Pre-rendered character glyphs cached in GPU-friendly format. Avoids per-character fillText calls using drawImage from the atlas.
RenderService batches multiple state changes into single animation frames. Supports DEC mode 2026 for synchronized output.
WriteBuffer processes chunks targeting under 16ms per frame.
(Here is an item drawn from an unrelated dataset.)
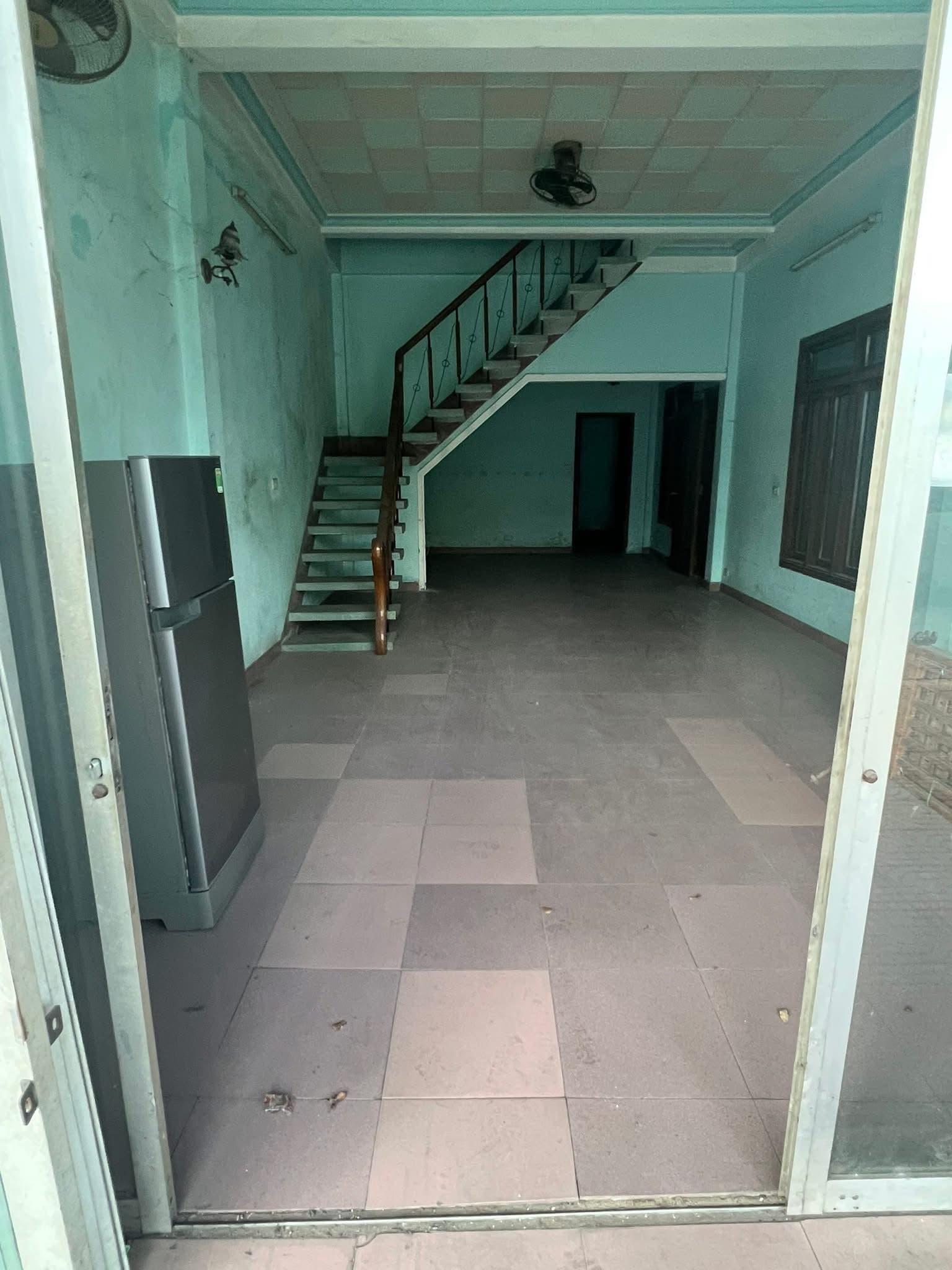 Nhà nguyên căn 3 tầng diện tích rộng, có thể cải tạo, phù hợp làm văn phòng hoặc kinh doanh - Ảnh 3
Burst buffering reduces GPU usage for power-sensitive environments.
xterm.js creates an off-screen accessibility tree alongside rendered terminal rows, using ARIA attributes and a live region to support screen readers without sacrificing rendering performance.
graph TD
subgraph A11yTree["Accessibility Tree (off-screen)"]
VLIST["Virtual List
(aria-posinset / aria-setsize)"]
LIVE["Assertive Live Region
(announces output)"]
FOCUS["Focus Listeners
(boundary scrolling)"]
end
subgraph EchoLogic["Character Echo Suppression"]
QUEUE["Keystroke Queue"]
ECHO["Echo Detection"]
SUPPRESS["Suppress if match"]
ANNOUNCE["Announce if different"]
end
KEYPRESS["User Keypress"] --> QUEUE
QUEUE --> ECHO
ECHO --> SUPPRESS
ECHO --> ANNOUNCE
ANNOUNCE --> LIVE
VLIST --> LIVE
style VLIST fill:#1A1A1A,stroke:#3A96DD,color:#F2F2F2
style LIVE fill:#1A1A1A,stroke:#16C60C,color:#F2F2F2
style FOCUS fill:#1A1A1A,stroke:#3A96DD,color:#F2F2F2
style QUEUE fill:#0C0C0C,stroke:#C19C00,color:#F2F2F2
style ECHO fill:#0C0C0C,stroke:#C19C00,color:#F2F2F2
style SUPPRESS fill:#0C0C0C,stroke:#767676,color:#F2F2F2
style ANNOUNCE fill:#0C0C0C,stroke:#16C60C,color:#F2F2F2
style KEYPRESS fill:#242424,stroke:#767676,color:#F2F2F2
When a key is pressed, the character is queued. When the echo returns from the process, xterm.js compares it to the queue. If it matches, the announcement is suppressed (the user already heard the keypress). If they differ, the queue clears and the output is announced.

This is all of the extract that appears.